VA’s first drag show celebrates all veterans

Jonathan Kaupanger
September 17, 2018 - 12:05 pm

Photo by Photography by Kimberly


The gauntlet has been thrown down at the Vermont VAMC.  And surprisingly, it’s an elbow-length, white opera glove, dripping with fake jewels.

Charisma, uniqueness, nerve and talent aren’t usually traits you get judged on at Veterans Affairs. That is, unless you were one of the few lucky veterans attending 'Queens, Queers & Camo,' a drag cabaret benefiting LGBTQ veterans in Vermont. 

“I do recognize that it was a risk,” says Calvin Smith.  Smith is a social worker with VA’s homeless program in Manchester, New Hampshire, but previously worked as a LGBTQ Veteran Care Coordinator in Vermont.  He’s also a veteran and - for one night only - performed as Ms. Brittney Queers.  “My sexual orientation is straight.  So part of this was just showing that this community isn’t just about sexual orientation.  It’s about lots of things and being colorful in lots of ways.  And then I should also say this was my debut and retirement performance all in one. “

“For some of those veterans, it was way outside their comfort zone,” says Smith.  About a half-dozen veterans who attended the drag show had never been to one and never thought they would either. 

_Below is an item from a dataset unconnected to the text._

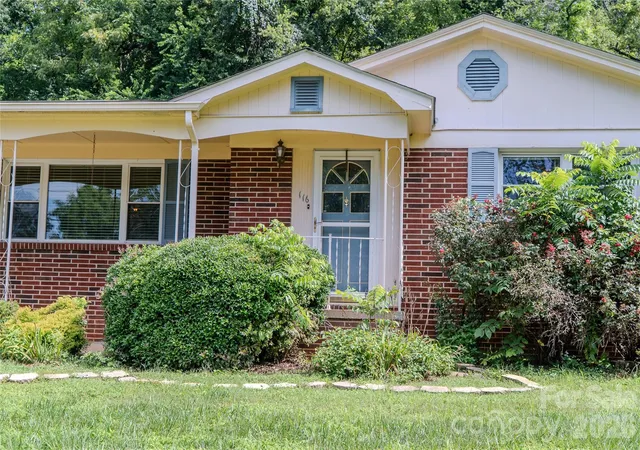 5th image of 116 Clark St, Morganton, NC 28655 | MLS# 4412745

“I would say that two-hour time frame of attending a drag show, just experiencing it for themselves did far more than any book they could have read, any training they could have taken and that’s what this is all about,” says Smith.  “For them, they walked away from the experience with an entirely different conception of what the word queer means than what they went in with.”

Changing culture and people’s minds isn’t easy.   LGBTQ Veteran Care Coordinators are a relatively new thing at VA, only introduced in 2015.   But they are now in every medical center. It’s their dual job to help LGBTQ veterans manage the VA system and to show that VA is there for veterans of all sexual orientation.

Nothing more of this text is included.